Martinez recommended the county "keep things in perspective."

"We deal with the flu — 70,000 deaths in the U.S. alone. There was Zika that came, SARS — they're all from influenza A from what I've been reading," he said. "And I'm tired of listening to it and hearing about it. So let's just get a little bit more common sense and deal with things like we have been."

He added that canceling events "sends a bad signal to the people that want to come here."

Of course, as local reporters pointed out yesterday, Martinez is completely underplaying the situation. As it stands, COVID-19 has a far higher death rate than the common flu, and public health officials note that the flu isn't going away either, so more people will die if COVID-19 also spreads. Numerous health officials have noted it's best to practice social distancing and cancel events before a viral community spread happens — so canceling major gatherings now could help ensure that medical facilities are not overwhelmed with new patients in the coming days.
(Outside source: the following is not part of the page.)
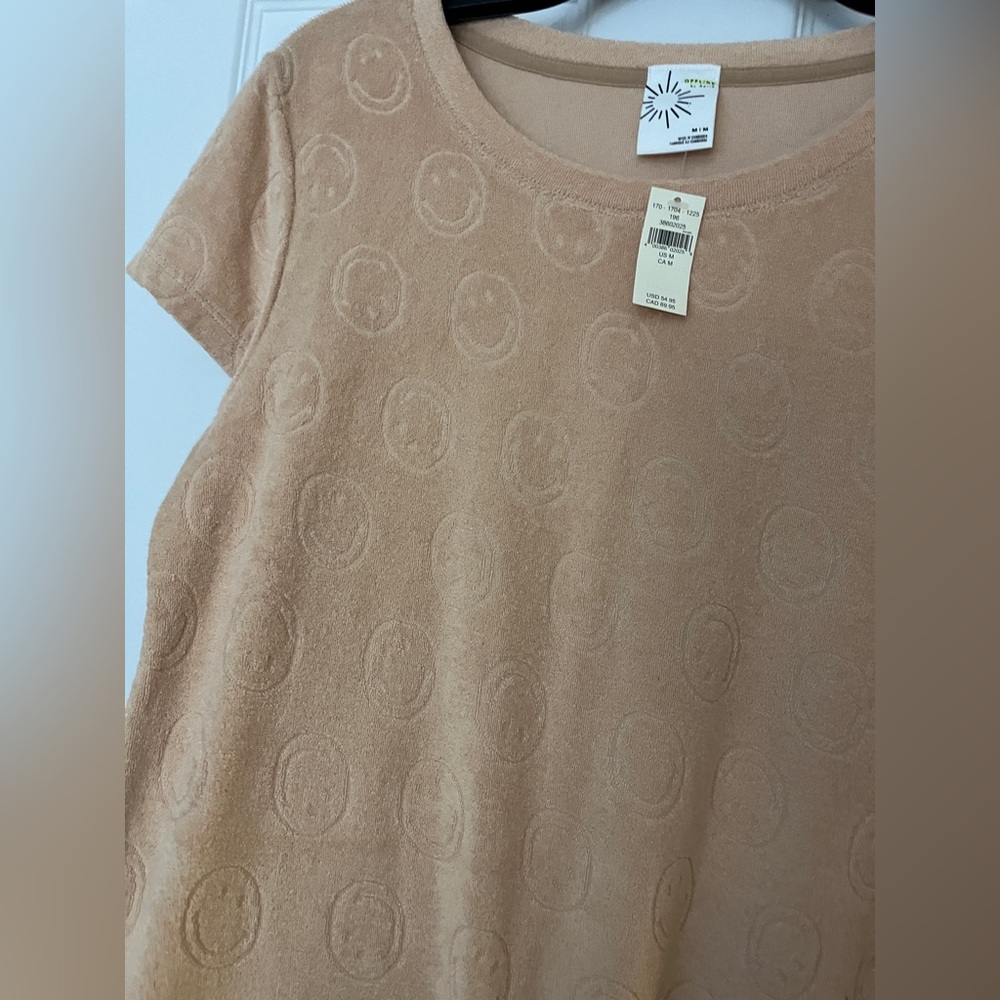 NWT OFFLINE by Aerie Summer Lights Smiley Dress - Size M - Tan, Terry cloth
Massachusetts, for example, is under a state of emergency after more than 70 presumed-positive coronavirus patients likely contracted the disease at a single biotech conference in Boston.

Some county events, including an indoor job fair, will still go on as planned. Organizers of the Miami Open tennis tournament yesterday said they do not plan to cancel the tournament at Hard Rock Stadium despite the fact that officials have forced athletes in other countries to play without audiences present.

But if Miami-Dade officials want to stop the spread of coronavirus, they might want to start with themselves: County Mayor Carlos Gimenez, for example, spent a portion of yesterday's meeting licking his hands.